An important aspect to discuss is the potential confounding effect of tremor on movement related results. The present results extend observations by previous studies that alterations in FC within the cerebellar-thalamus-sensorimotor network is associated with the severity of tremor [17, 55]. More in detail, Tikoo et al demonstrated that tremor severity, tremor amplitude and peak frequency were significantly associated with altered FC of the dentate nucleus with cerebellar areas, sensorimotor cortex and thalamus/BG, respectively as confirmed by our supplementary analyses on clinical tremor severity. In particular, positive correlation with tremor severity included the FC of ventral DN with cerebellar and cortical areas, as well as the GPe-FC with other BG structures, while negative correlation involved both dorsal DN- and GPi-FC with widespread cortical areas. Hence, it could be argued that the results of the present study might reflect the severity of the tremor rather than the impairment of voluntary movement. Importantly, however, in our analysis, we have considered tremor as a covariate of non-interest, thus excluding the possibility that it may have influenced our results. Moreover, a recent study evidenced that movement velocity in ET is not influenced by tremor amplitude, and tremor does not correlate with subtle dopaminergic changes in ET [33]. Thus, we can infer that, like tremor, the underlying pathophysiological mechanisms of impaired movement execution in ET cannot be solely attributed to a singular anatomical structure. Rather, a complex interplay of partially overlapping brain areas contributes to the generation of both tremor and altered movement execution in ET.

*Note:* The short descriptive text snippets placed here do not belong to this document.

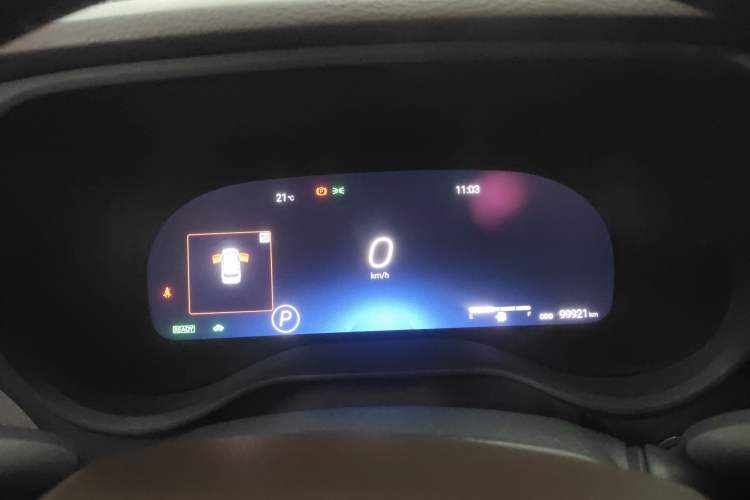 Used Toyota SIENNA 2021 2.5L Hybrid Platinum Edition Instrument Cluster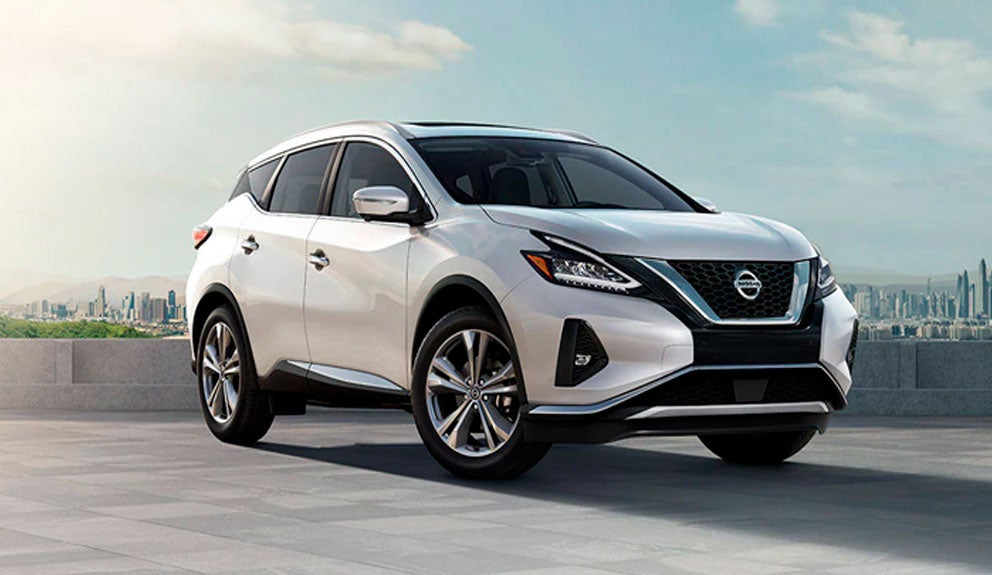 2023 Nissan Murano side view | Wallace Nissan of Kingsport in Kingsport TN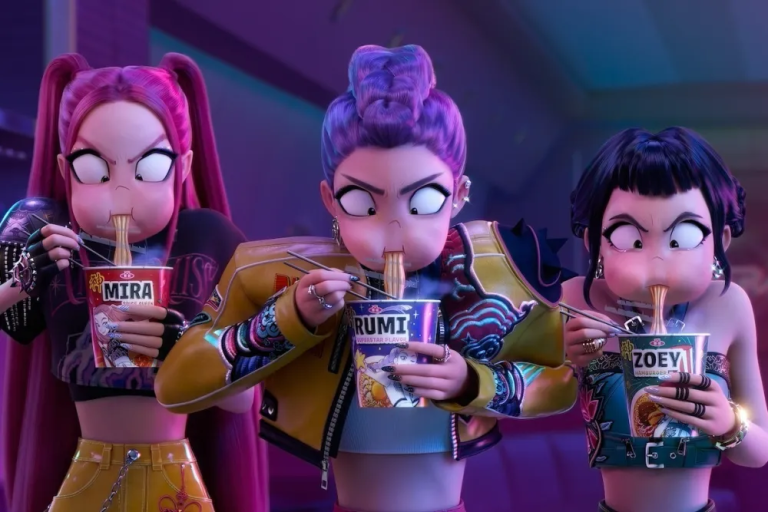 KPop Demon Hunters Just Shattered a Netflix Record by Surging in Popularity Weeks After Release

This study has some limitations. Firstly, our sample size is relatively small, although it is consistent with the majority of fMRI studies on ET [16, 51], and is composed by a prevalence of men. It is important to consider that ET is a highly heterogeneous condition from a clinical perspective, and our study predominantly focused on patients with intermediate forms of the disease. Therefore, future research is needed to validate the findings of this study on larger and more diverse patient cohorts to further elucidate the potential role played by clinical heterogeneity. Moreover, we excluded patients presenting with ET soft signs, since, especially questionable dystonia, could influence kinematic measures, and alter functional connectivity [68, 69]. Another limitation is the absence of DAT imaging for clinical confirmation of the diagnosis. However, it is important to note that the clinical diagnosis of ET was based on the most recent diagnostic criteria, which do not require DAT imaging [1]. Finally, another potential limitation of the study is that we solely examined repetitive finger movements and did not assess movements of different types or involving other body segments. Consequently, the generalizability of our observations to other types of movements remains uncertain.

Conclusions

Our study contributes to a better understanding of the pathophysiology of ET by highlighting the role of the cerebellum, BG and cerebral cortex within a dysfunctional network. In this regard, functional alterations in the networks may not only influences the generation of tremor but also contributes to impaired motor execution in ET. The results of this study could hold significance within the current research landscape, which is increasingly focused on identifying specific ET subtypes or even distinct individual diseases within the broader spectrum of ET. Such an approach would aid in early recognition of patients who may progress to develop parkinsonian syndromes and shed light on potential diverse underlying causes.